From reader Ben King, general counsel of Jive Communications, I learned about a 2016 opinion of the Supreme Court of Utah, Mind & Motion Utah Investments, LLC v. Celtic Bank Corp., 2016 UT 6, 367 P.3d 994 (PDF here). The moral of this particular story is that if you want a contract provision to be interpreted as a condition, you had better make sure it’s worded as a condition. No surprise there. It also offers a reminder about the role of shall and when to use reasonable efforts.
Here are the relevant details:
Mind & Motion entered into a contract with Celtic Bank to buy a piece of property the bank had acquired from a developer through foreclosure. Although the county had approved plans to construct condominiums on the land, the developer had not recorded the plans for the first phase of development. The contract stated that Celtic Bank “shall record Phase 1” and “agrees to complete recording of Phase 1” of the development by June 15, 2010.
The recording process required an applicant to obtain approval from different entities. After extending the recording deadline once, Mind & Motion declined to extend it a second time and sued Celtic Bank for breach of contract. The district court granted summary judgment in Mind & Motion’s favor, concluding that the recording provision was unambiguously a covenant (in MSCDspeak, an obligation), not a condition. Consistent with the contract’s remedies for default, the district court awarded Mind & Motion $100,000 in liquidated damages and more than $200,000 in attorney fees, as well as the return of Mind & Motion’s $100,000 deposit.
On appeal, Celtic Bank argued that summary judgment was improper because the recording provision was unambiguously a condition. The Supreme Court agreed with the district court that the recording provision was an obligation, not a condition, because it was phrased in explicitly mandatory terms, as compared with conditional language used elsewhere in the contract.

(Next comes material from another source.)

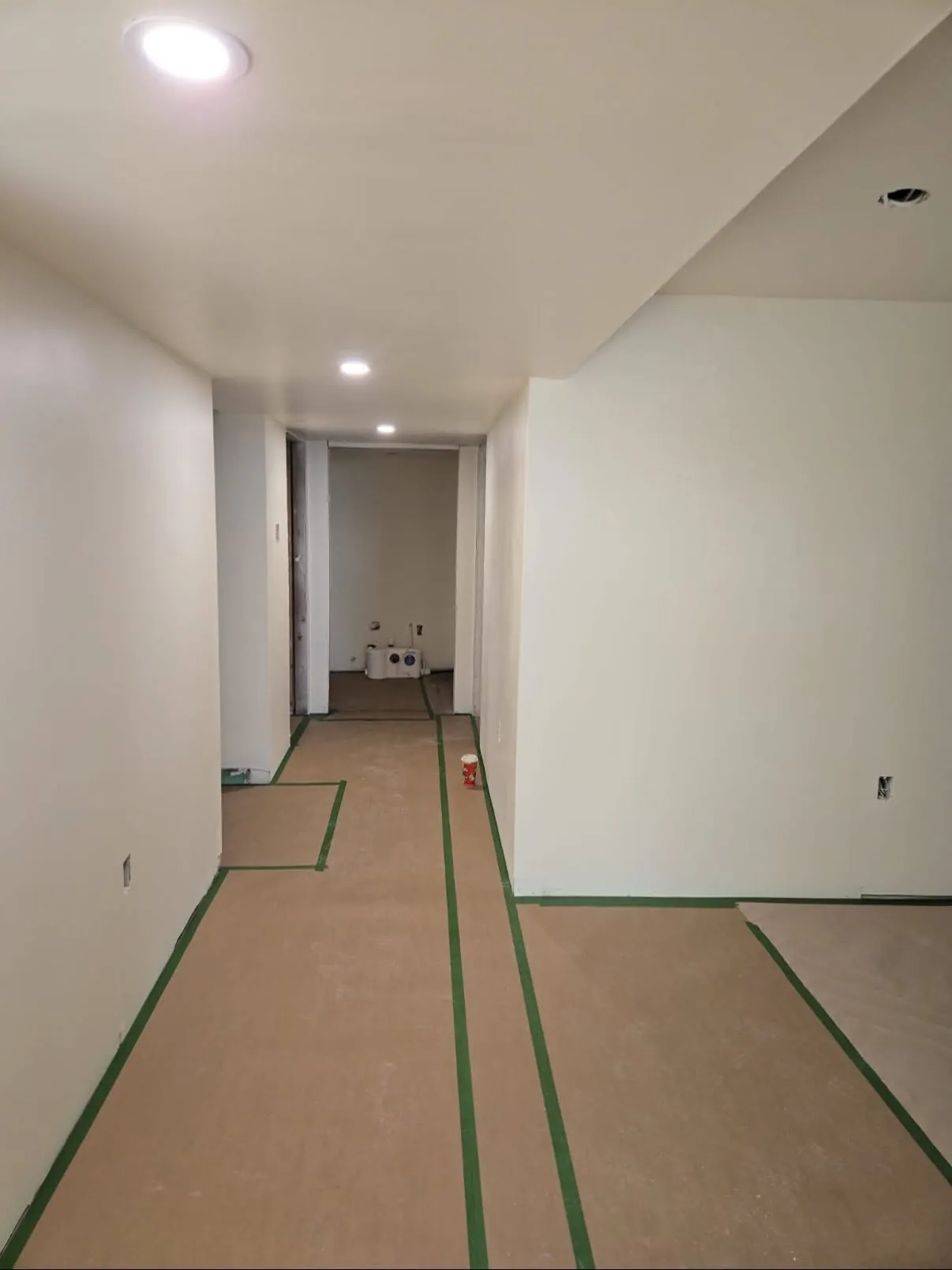 Finished basement renovation with new flooring and pot lighting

The court acknowledged that even if Celtic Bank had complied with the county’s every demand, the county officials ultimately controlled the timing of recording—not Celtic Bank. But the court went on to hold that this wasn’t a case where government permits were difficult to obtain, and even if it were, the language of the agreement strongly indicated that Celtic Bank had assumed the risk that its application wouldn’t be approved before the recording deadline. According to the court, it followed that it wasn’t plausible to read the recording provision as a condition.
This case is interesting in a number of respects.
This case serves as a reminder of a point I make in MSCD 3.266–.67: When faced with uncertainty over whether a provision is a condition or an obligation, a court would likely hold that it’s an obligation. That’s even more likely if you use just shall in the provision in question. So I have no sympathy for the bank, as the language at issue doesn’t remotely resemble one of the three ways of expressing a condition. The bank could have made sure to include language of policy expressing a condition—something like it is a condition to closing that. Or it could have used a conditional clause, using if or another subordinator. (Using language of obligation to express a condition, featuring must plus a to-clause, would be a less likely option in this context.)
The Role of Shall
It follows that this case also serves as a reminder that shall is a safe way to express obligations. Those who would like to have us get rid of shall keep mentioning how shall gives rise to so much litigation. One problem with that notion is that much of that caselaw is irrelevant, because it deals with an unfortunate feature of statutory drafting, the “discretionary” shall, meaning should. But beyond that, the relevant cases I encounter are consistent with the Mind & Motion opinion: courts accept that shall expresses obligations.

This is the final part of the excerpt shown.